**What you should do:**
In your output, repeat each entry exactly and include no pictures.

%%

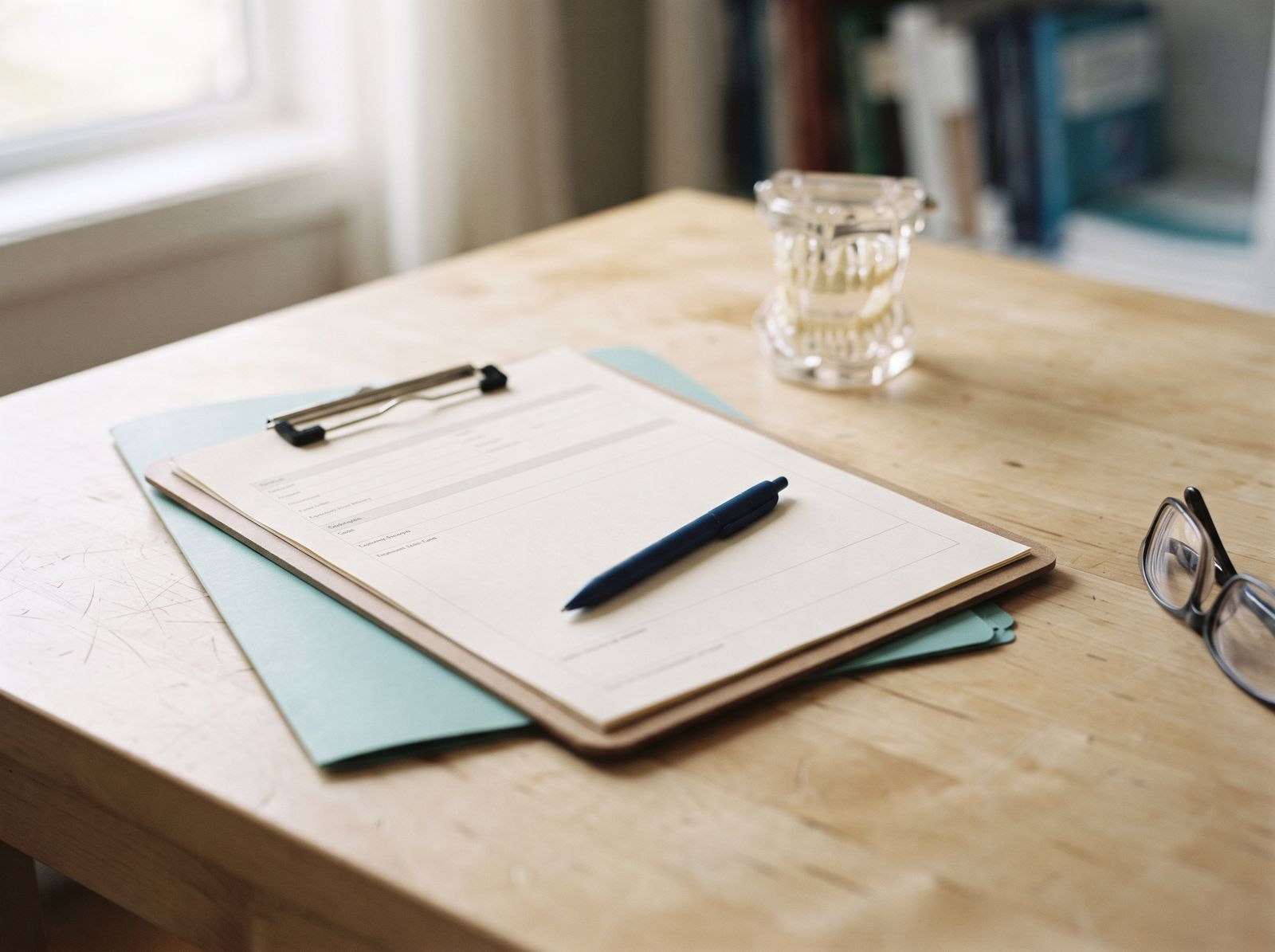 A treatment plan clipboard and study model on a consultation desk at Hanover Dental Sedation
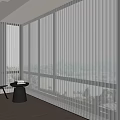 Modern Interior With Large Windows Vertical Blinds Black Chair And Dark Wooden Floor
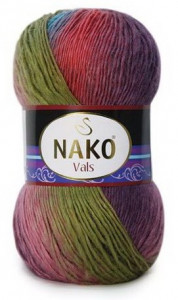 Fir de tricotat sau crosetat - Fire tip mohair din acril premium Nako VALS DEGRADE 86843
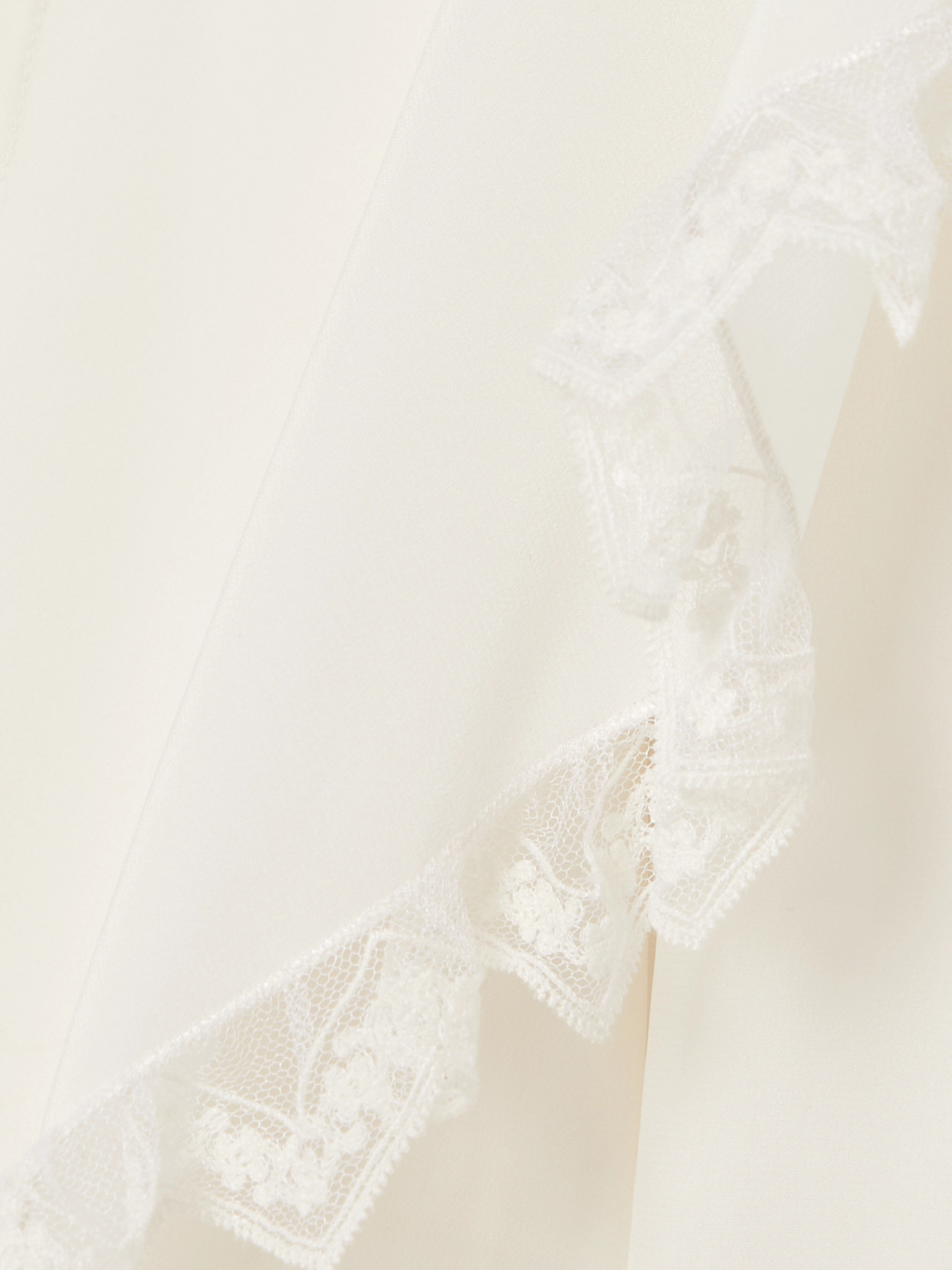 CHLOÉ LACE-TRIMMED DRAPED LAYERED SILK-CREPE DE CHINE SHIRT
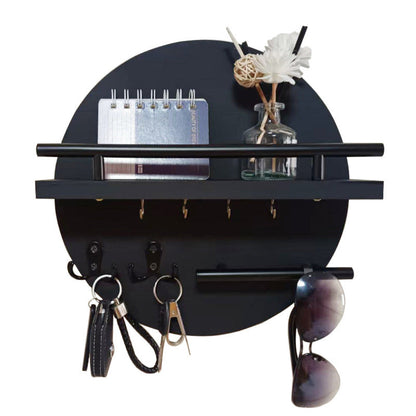Round Wooden Key Holder in Black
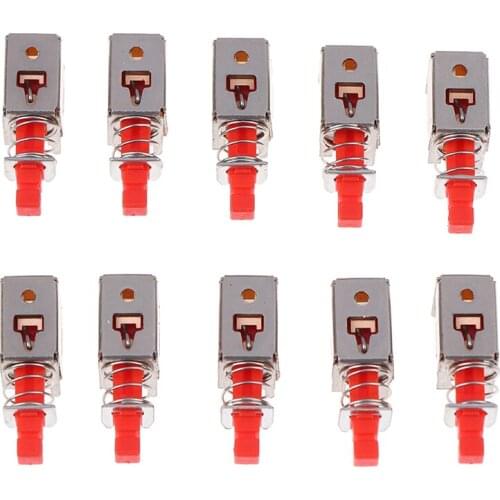 10pcs PS-22F03 Right Angle PCB Latching Push Button Switch DPDT Double Pole 6 Pin Self-locking Key Power Switches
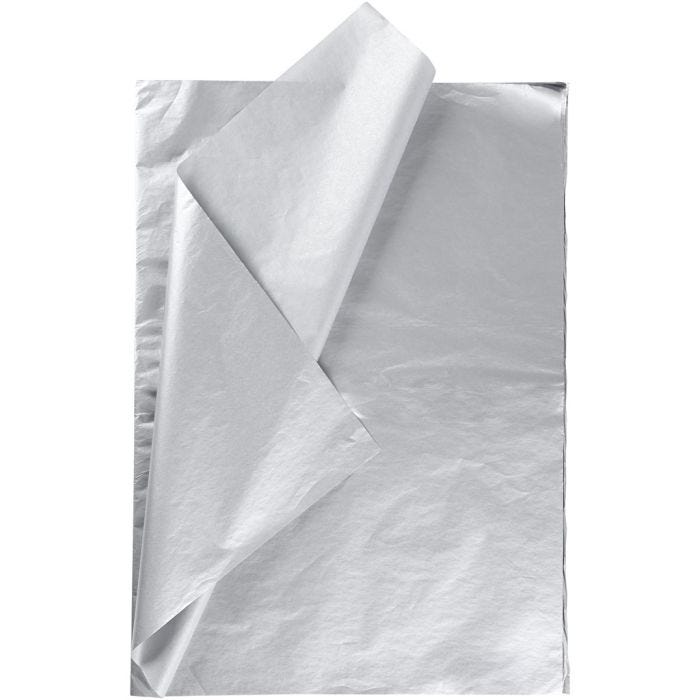 Silkespapper, ark 50x70 cm, 14 g, silver, 25 ark/ 1 förp.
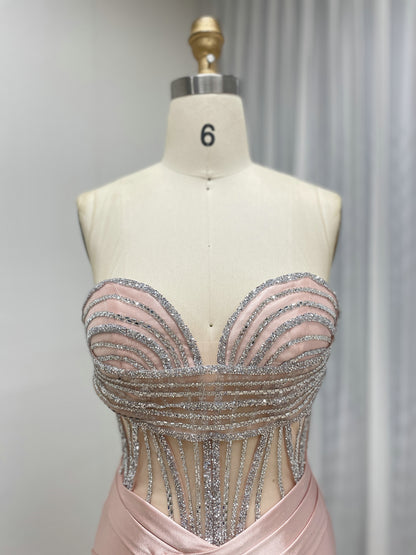 Pink Strapless Corset Prom Dress with Handmade Beading Bodice and High Slit MB40468
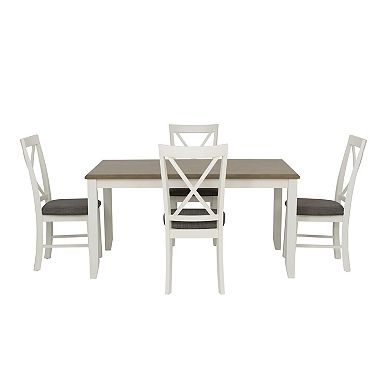 Linon Jane Dining Table & Upholstered Chairs 5-pc. Set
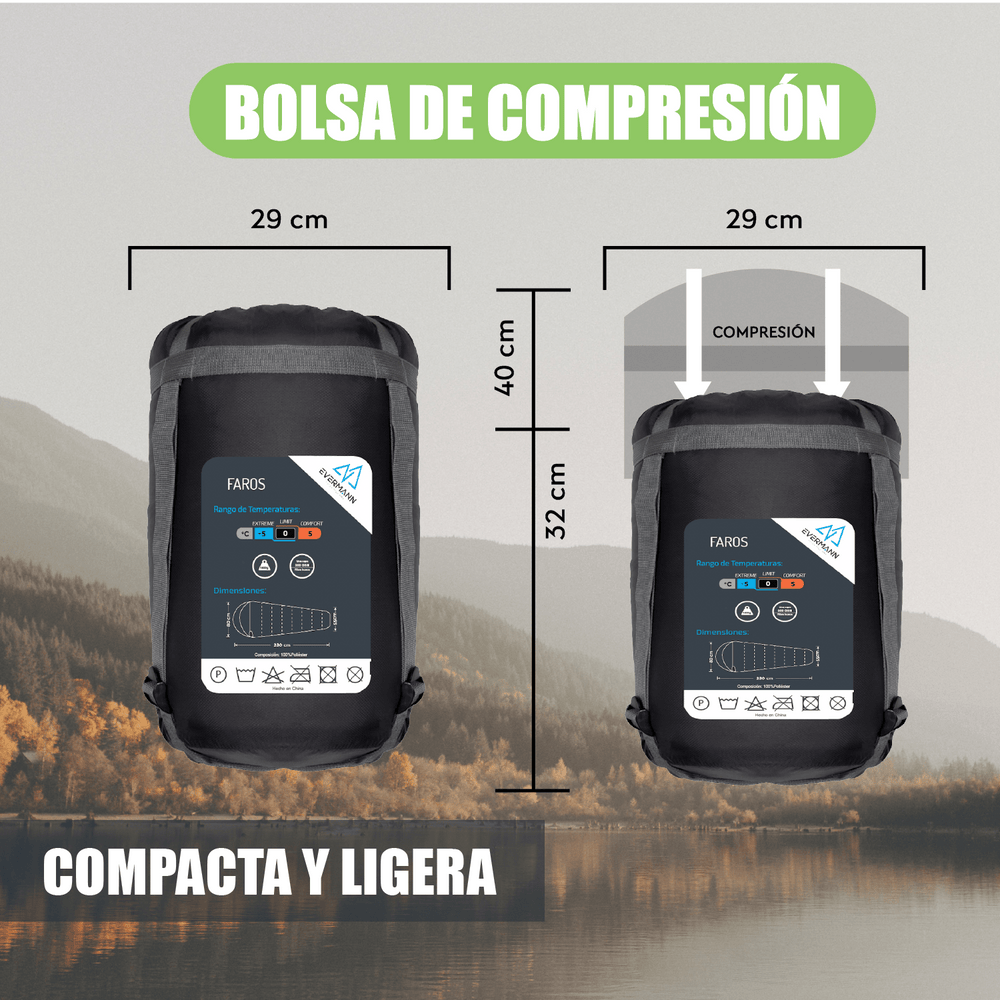 Sleeping Bag Faros -5°C Gris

%%

**Output of the exercise:**
 A treatment plan clipboard and study model on a consultation desk at Hanover Dental Sedation
 Modern Interior With Large Windows Vertical Blinds Black Chair And Dark Wooden Floor
 Fir de tricotat sau crosetat - Fire tip mohair din acril premium Nako VALS DEGRADE 86843
 CHLOÉ LACE-TRIMMED DRAPED LAYERED SILK-CREPE DE CHINE SHIRT
Round Wooden Key Holder in Black
 10pcs PS-22F03 Right Angle PCB Latching Push Button Switch DPDT Double Pole 6 Pin Self-locking Key Power Switches
 Silkespapper, ark 50x70 cm, 14 g, silver, 25 ark/ 1 förp.
 Pink Strapless Corset Prom Dress with Handmade Beading Bodice and High Slit MB40468
 Linon Jane Dining Table & Upholstered Chairs 5-pc. Set
 Sleeping Bag Faros -5°C Gris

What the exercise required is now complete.